While other changes are reasonable, the 2nd one is very unfair. Meaning who in on PR for near 1 year, need to wait another 3 years to apply for citizenship.


----------



## kaju (Oct 31, 2011)

nightbirdaus said:


> While other changes are reasonable, the 2nd one is very unfair. Meaning who in on PR for near 1 year, need to wait another 3 years to apply for citizenship.


While I understand and sympathise with those affected, I don't see how you can call it unfair - any country has the right to decide what its requirements for citizenship are, and no country owes any foreigner a quick oath to citizenship.

Four years of PR is still pretty good - you'd need 5 years for the UK, US, Vietnam, France, even more for others, such as 7 years for India and 8 years for Germany. 

Of course, lots of people never get Citizenship in Australia and still live here and travel internationally regularly.


----------



## trinkasharma (Mar 20, 2013)

How is someone severely affected by this ruling?


----------



## roy100 (Apr 22, 2017)

*Stop panicking about the new visa/citizenship changes*

Hi all,

From the past 3 days I am seeing a lot of panic in this forum regarding the new Citizenship rules and the 457 issue. 

The government has replaced 457's with 2 new visas.
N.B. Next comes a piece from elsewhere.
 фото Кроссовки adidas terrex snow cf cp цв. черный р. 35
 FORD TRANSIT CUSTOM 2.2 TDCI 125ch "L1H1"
Lets be honest here, the 457 visa was abused a lot. It needed a change & it got one. Now genuine employees will only come to Australia on the new visas. Its a good thing because there is clarity on this subject now. The occupations removed are almost right. I know some Mechanical Engineering positions have been removed too but hopefully they will be back soon. Remember the list goes by the market. If there is a demand then there has to be a supply. So if your occupation is not on the list, then there are a lot of sub streams in your occupation you could apply for. The main occupations are still on the list and will be there for the near future and hopefully they will increase the list too. Australia is a growing economy & there is always demand for jobs to be filled. 

As far as the Citizenship changes goes, its again the right thing. To become a citizen you need to love your country. So the government has all the right to make sure the right people become citizens. A lot of people are not happy with the 4 year wait but its a good thing because it gives you a hell lot of time to prepare for the Citizenship test. People who have stayed long in Australia must be angry that they can't apply right away but its a wait for a few more years. I'm sure the English test is going to be a formality since everyone has to get good English scores for their visas. Community integration is also a formality.

Yes the new rules are not right for International students & I'm sure the government knows about it. I'm hearing there is considerable pressure from the Uni's on the government to do something about it, maybe we will hear something good for the students soon. Be optimistic.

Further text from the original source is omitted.